Di negara-negara barat pada umumnya, Ekumenisme dipahami lebih bersifat horizontalis dalam arti memberi perhatian utamanya terhadap masalah-masalah dunia, misalnya perjuangan penegakan keadilan, melawan ketidakadilan di dalam masyarakat, melawan aparteid, dan lain sebagainya. Pergeseran arti maupun makna ekumene ini tidak terlepas dengan perkembangan peradaban manusia dan perkembangan zaman yang diwarnai dengan lahirnya skeptisme, rasionalisme, sekularisme yang kemudian diikuti dengan semangat pluralisme.

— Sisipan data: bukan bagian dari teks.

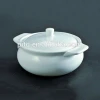 hot sale hotel restaurant porcelain tureen white ceramic soup bowl with handles with lid
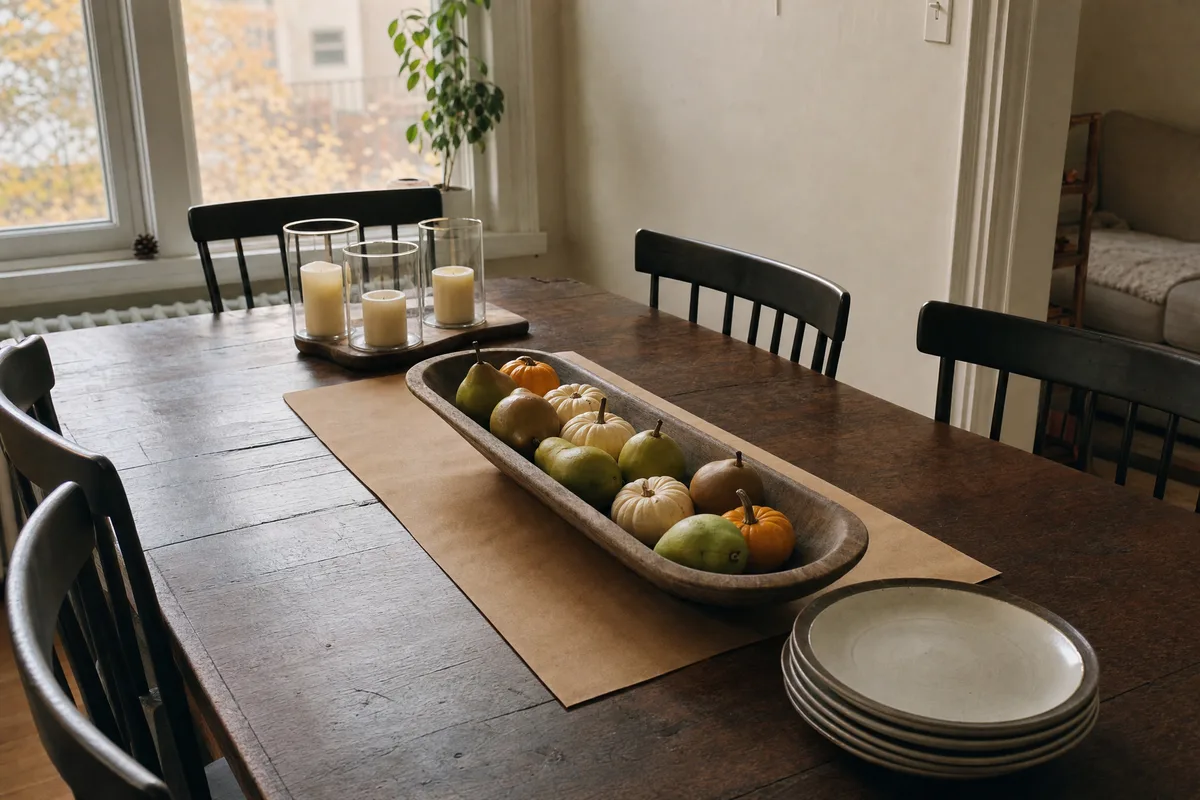 Long wooden dough bowl of pears and mini pumpkins on a kraft paper runner down a dining table, with three unlit cream pillar candles in glass cylinders on a small wooden board on the bare table beyond the paper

Di Indonesia, ekumenisme mulai hangat dibicarakan ketika Dewan Gereja-gereja di Indonesia terbentuk pada tahun 1950. Menurut Th. Sumartana, gerakan ekumene di Indonesia mengalami pasang surut sejajar dengan pasang surutnya berbagai tantangan serta kesempatan terutama yang muncul dalam ruang lingkup sejarah nasional. Tantangan yang pertama kali dihadapi oleh gerakan ekumene gereja-gereja di Indonesia pada waktu itu adalah masalah kesatuan bangsa. Kemudian pada zaman selanjutnya, gereja terus diperhadapkan pada situasi baru yakni pergolakan yang dihadapi oleh bangsa.[3] Kemudian gerakan ekumene di gereja-gereja di Indonesia pada abad 20 menurut Th. Sumartana menghadapi tiga tantangan pokok yang perlu mendapat perhatian yakni; tanggung jawab sosial-politik, hubungan antar agama dan pendekatan yang lebih realistis terhadap masalah-masalah kemasyarakatan khususnya kemiskinan.[4] Apa yang diungkapkan Th. Sumartana di atas menunjukkan bahwa perkembangan arti dan makna ekumene bagi gereja-gereja di Indonesia telah mengalami kemajuan yang menggembirakan, ekumene tidak lagi dipahami hanya sekedar untuk mempersatukan gereja-gereja yang ada di Indonesia (kerohanian melulu), melainkan sudah membuka diri ke bidang kehidupan lainnya, seperti di bidang kemasyarakatan dan kemanusiaan. Bagi  gereja-gereja di Indonesia, ekumene adalah sebuah gerak yang proaktif menuju perwujudan Gereja Kristen yang Esa. Ekumene juga adalah jantung dari gerak pelayanan sehingga karena itu gerakan ekumene harus benar-benar menjadi real dan operasional yakni bahwa gereja harus memerangi perpecahan yang menggerogoti gereja, intervensi dari luar, menghadapi sekularisme, otoriterisme, primordialisme, materialisme dan ancaman lainnya yang hendak menghancurkan keutuhan gereja. Itu berarti bahwa ekumenisme secara sosiologis dapat dipahami sebagai gerakan yang bertujuan untuk mewujudkan kehidupan yang harmonis dalam segala bidang demi kesejahteraan semua mahkluk. Gereja yang melakukan gerakan ini telah mengalami paradigma keimanan dari yang bersikap eksklusif menjadi inklusif dan bahkan mulai pluralis.   
    
B. Dialog.
            Secara sederhana dialog dapat diartikan sebagai percakapan antara dua orang atau lebih dari dua orang.[5] Tetapi pengertian dialog seperti ini ditolak oleh Olaf H Schumann. Dengan tegas dia menolak jikalau dialog diartikan seperti itu, menurutnya, Dialog bukanlah ”percakapan antara dua pihak”, percakapan di antara dua mitra, seperti kadang-kadang kita dengar atau baca, yang menjadi ”trialog” jika ada mitra ketiga yang ikut. Jika pengertian itu yang diambil, maka itu bukanlah dialog melainkan ”dyalog”. Menurutnya, Dialog adalah percakapan atau pembicaraan tentang hal yang menyentuh kepentingan dan relevansi bersama, atau pembicaraan bersama tentang masalah yang harus diteliti dan jika perlu diatasi secara bersama (dialegein) [6]. Secara sosiologis, dialog dapat diartikan suatu langkah yang dilakukan lewat jalan percakapan bersama mengenai kepentingan bersama dalam semua aspek kehidupan (secara holistic).  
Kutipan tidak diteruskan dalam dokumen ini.